Determine Which Distribution Best Fits Your Data

Choose the distribution with data points that roughly follow a straight line and the highest p-value. In this case, the Weibull distribution fits the data best.

Note

When you fit your data with both a 2-parameter distribution and its 3-parameter counterpart, the latter often appears to be a better fit. However, you should use a 3-parameter distribution only if it is significantly better. See Minitab Help for information about choosing between a 2-parameter distribution and a 3-parameter distribution.

Use a Normal Statistical Analysis on Nonnormal Data

While Minitab offers various options for analysis of nonnormal data, many users prefer to use the broader palette of normal statistical analyses. Minitab’s Individual Distribution Identification can transform your nonnormal data using the Box-Cox method so that it follows a normal distribution. You can then use the transformed data with any analysis that assumes the data follow a normal distribution.

  1. Choose Stat > Quality Tools > Individual Distribution Identification.
  2. Specify the column of data to analyze.
  3. From the Distribution drop-down menu in the main dialog, choose Box-Cox transformation, and select any other distributions to compare it with.
  4. Click OK in each dialog box.

USE A NORMAL STATISTICAL ANALYSIS ON NONNORMAL DATA

For the transformed data, check for data points that roughly follow a straight line and a p-value greater than 0.05.

In this case, the probability plot and p-value suggest the transformed data follow a normal distribution. You can now use the transformed data for further analysis.

Note

Data transformations will not always produce normal data. You must check the probability plot and p-value to assess whether the normal distribution fits the transformed data well.

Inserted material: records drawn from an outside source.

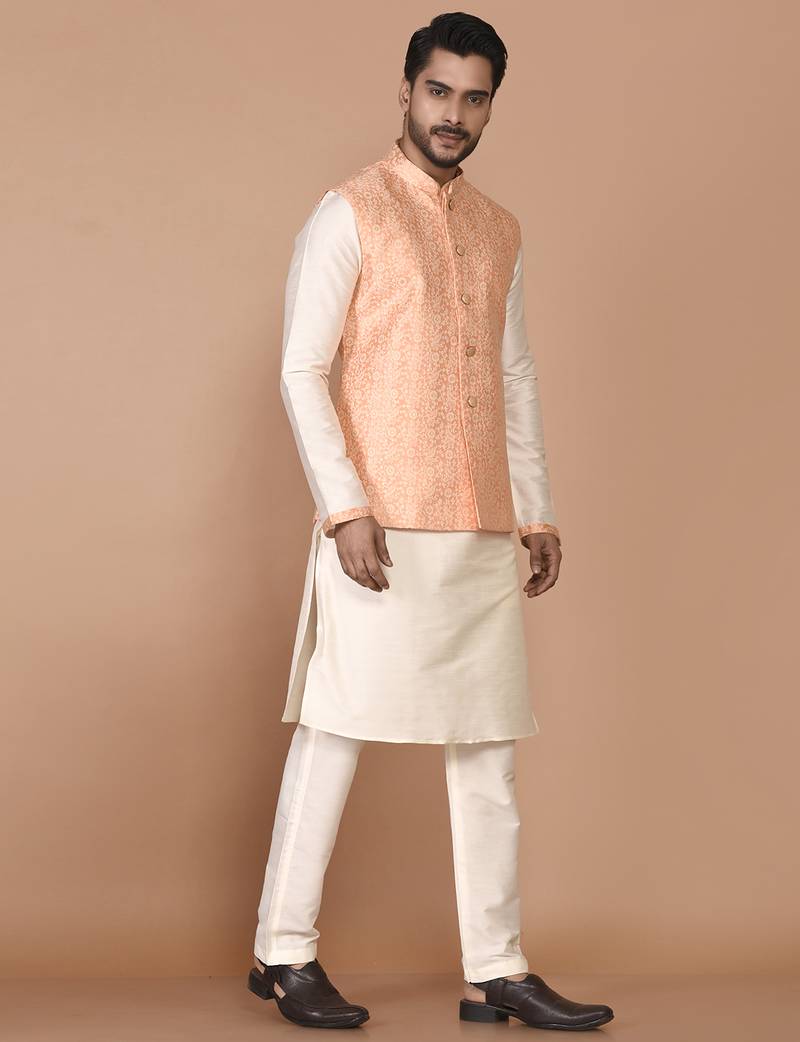 Men's woven design floral jacquard kurta jacket set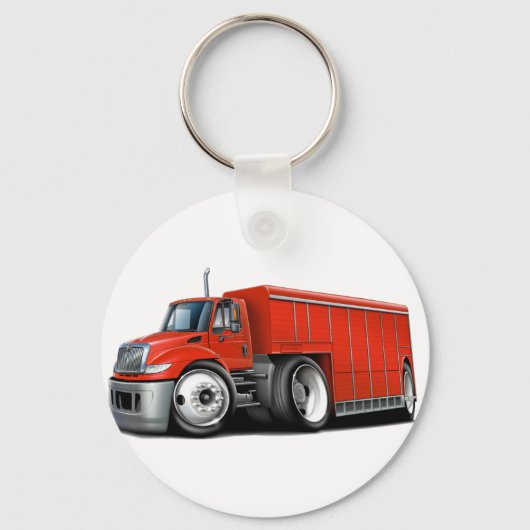 International Red Delivery Truck Sleutelhanger (Voorkant)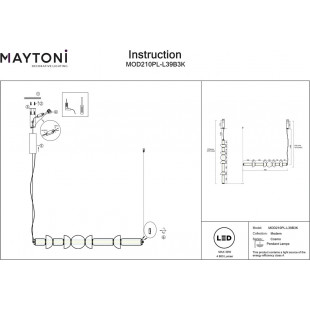 Lampa wisząca szklana podłużna Cosmo LED 98cm przeźroczysto-czarna Maytoni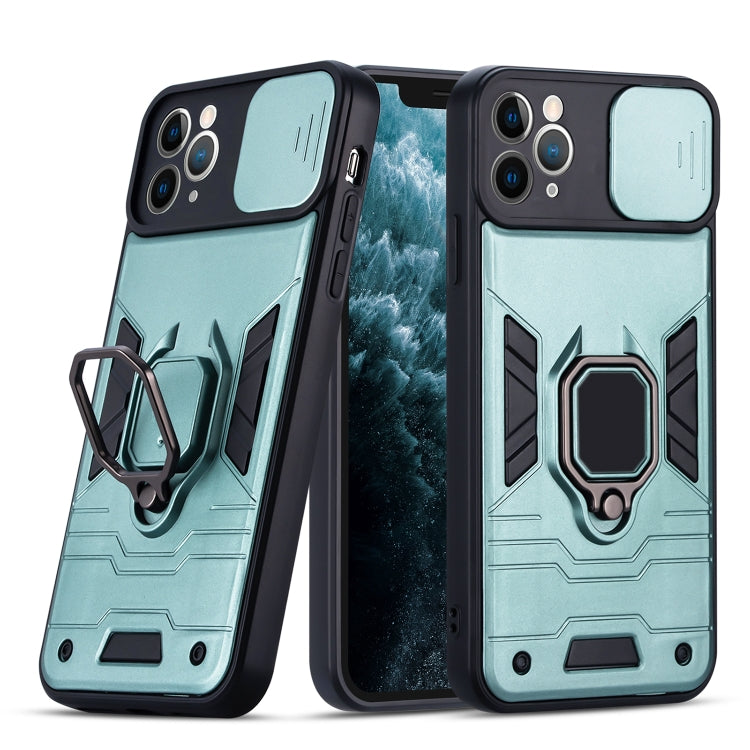 For iPhone 11 Pro Max Warrior Armor Sliding Camera Cover Design TPU + PC Shockproof Case with Ring Holder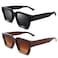Hycredi Thick Rectangle Sunglasses Women Men Retro Square Chunky Shades 90s Glasses UV400 Protection BlackBrown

Putting Individual Distribution Identification to Use

It is always good practice to know the distribution of your data before choosing a statistical analysis. Minitab’s Individual Distribution Identification is an easy-to-use tool that can help you identify the distribution of your data as well as eliminate errors and wasted time that result from an inappropriate analysis.

You can use this feature to check the fit of a single distribution, or to compare the fits of several distributions and select the one that best fits your data. If you prefer to work with normal data, you can even use Minitab’s Individual Distribution Identification to transform your nonnormal data to see if they follow a normal distribution.